The Musings of Dr. Vollmer

The Fish Died

Posted by Dr. Vollmer on September 21, 2011

    Caroline, fifty-two, had major heart surgery last May. She approached her upcoming hospital stay and intervention with ease and grace. She was grateful for the attention from her loved ones, but she was neither needy or demanding. She appeared to have little stress. Recently, her doctor told her that she now had to have a pacemaker put in, a fairly minor procedure. Caroline now cannot sleep. Her appetite disappeared. She is angry that her husband is not more supportive around this upcoming procedure. “It sounds like the kid whose mother dies and then goes out and plays, but when he is told his fish died, he throws himself on the ground with terribly dismay.” I say, pointing out to her that one would have expected her to be stressed with open-heart surgery, whereas a placing a pacemaker is a relatively minor procedure. It seems clear to me that she is only upset about the pacemaker because she is having a delayed stress response to her surgery last May. Caroline agrees, although she still cannot stop worrying about this pacemaker. “It is so interesting to me that you are allowing yourself to worry about this procedure, whereas when you had open-heart surgery, you marched through it like a soldier, almost as if you did not allow yourself to have feelings about that.” I say, again reminding her that her feelings seem out of proportion to the current stressor, but they are in proportion if we consider the historical context.

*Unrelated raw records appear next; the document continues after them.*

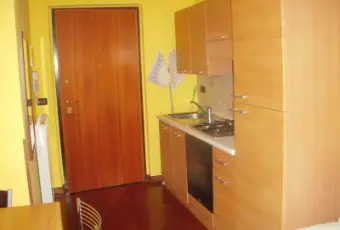 Rexer-Montesilvano-Luminoso-bilocale-arredato-CUCINA
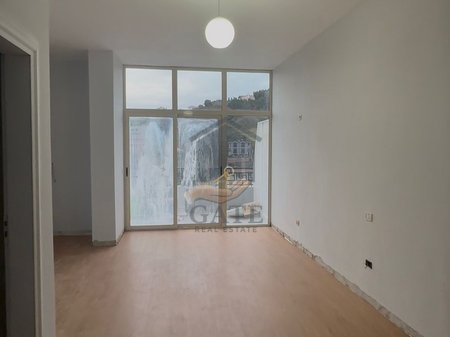 Shitet garsoniere, Shkëmbi i Kavajës, Durrës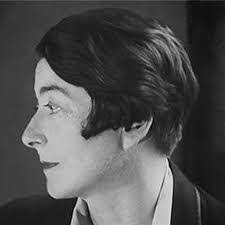 Von Gray's Instagram, Twitter & Facebook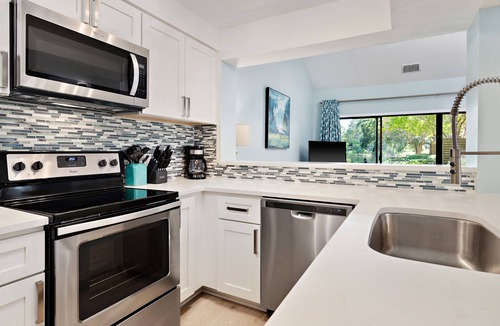 Sandestin House | Lake View ~ Private Patio ~ Golf Cart ~ Community Pool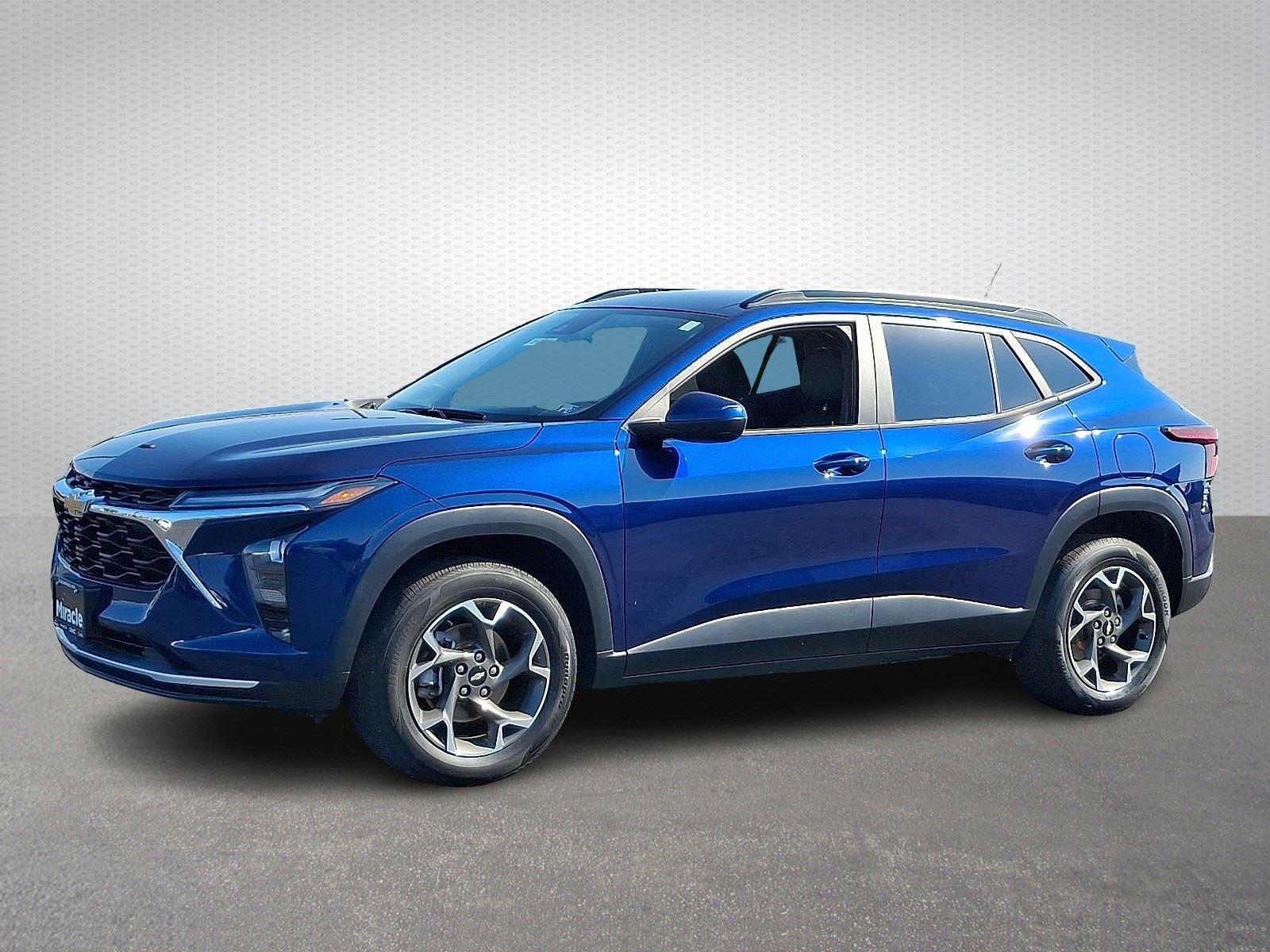 2024 Chevrolet Trax LT photo 2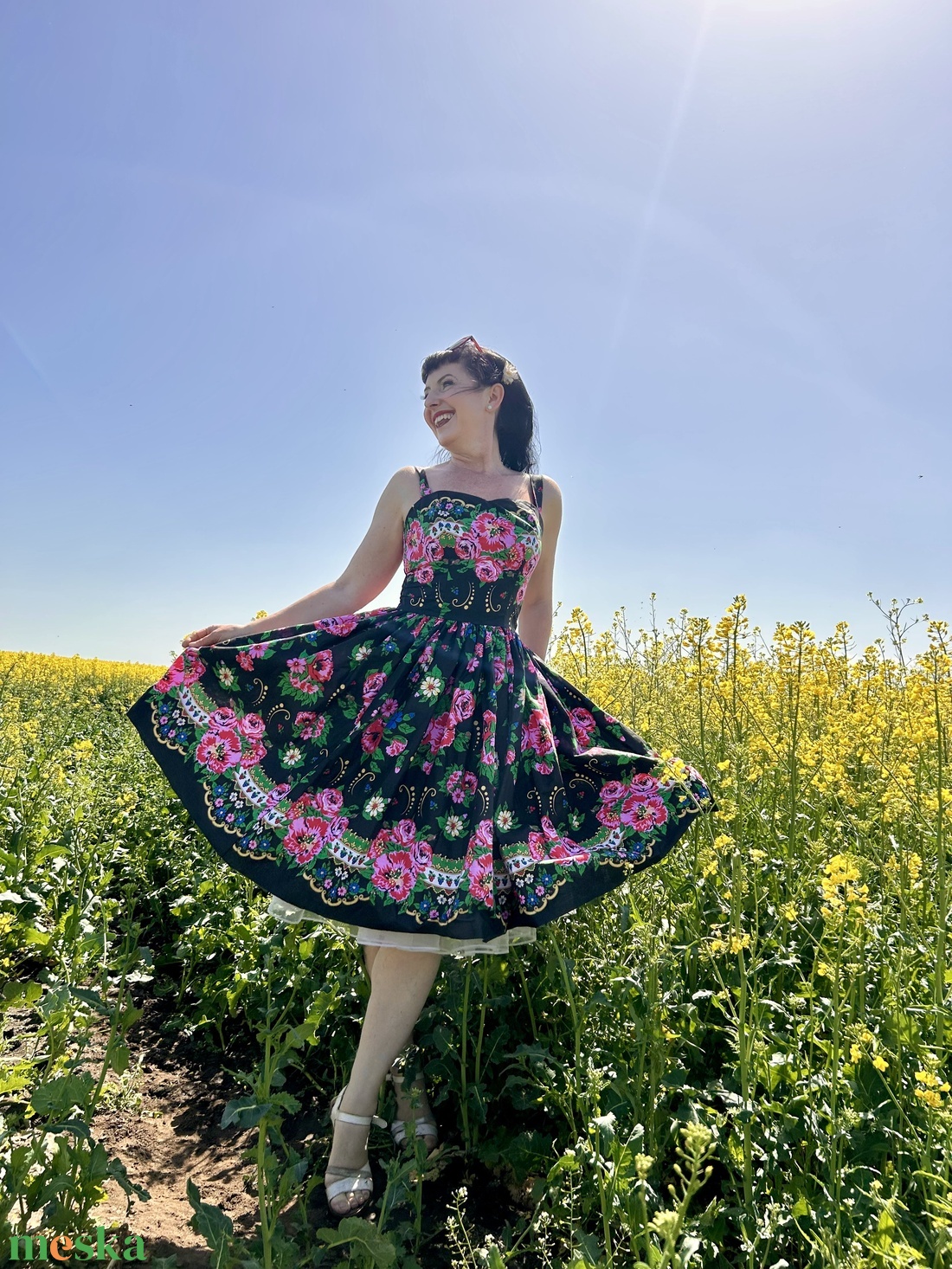 Pinup Rockabilly ruha, rózsás bordűr mintás, piros bordűrös virágos, madeira csipkés, népi - ruha & divat - női ruha - ruha - Meska.hu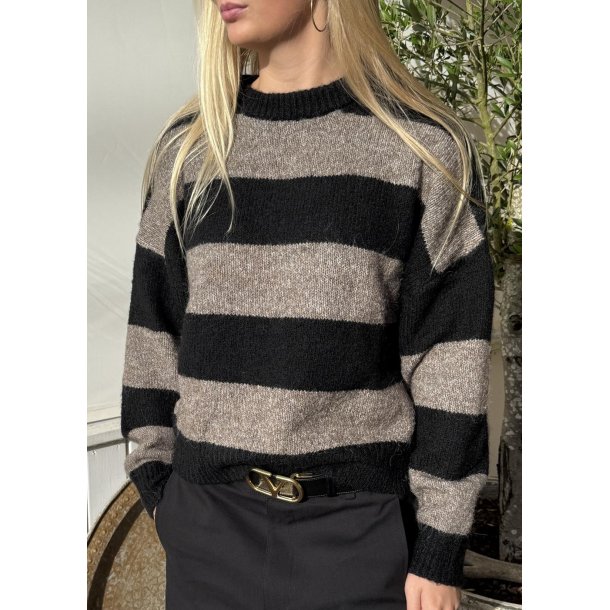 Kimmy Pullover- Black/ Falcon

4 Responses to “The Fish Died”

  1. Shelly said

    You are right that this is an interesting reaction. What do you make of it?

    • I think she tried to be “tough” for her open-heart surgery, but now she is experiencing her feelings. Unfortunately, since there is a long delay, to her loved ones, her reaction seems odd and perplexing. Diane is a good example of how some people try to deny their feelings and this only lasts for so long and then the feelings bubble up to the surface, only now, they are not attached to the original stressor.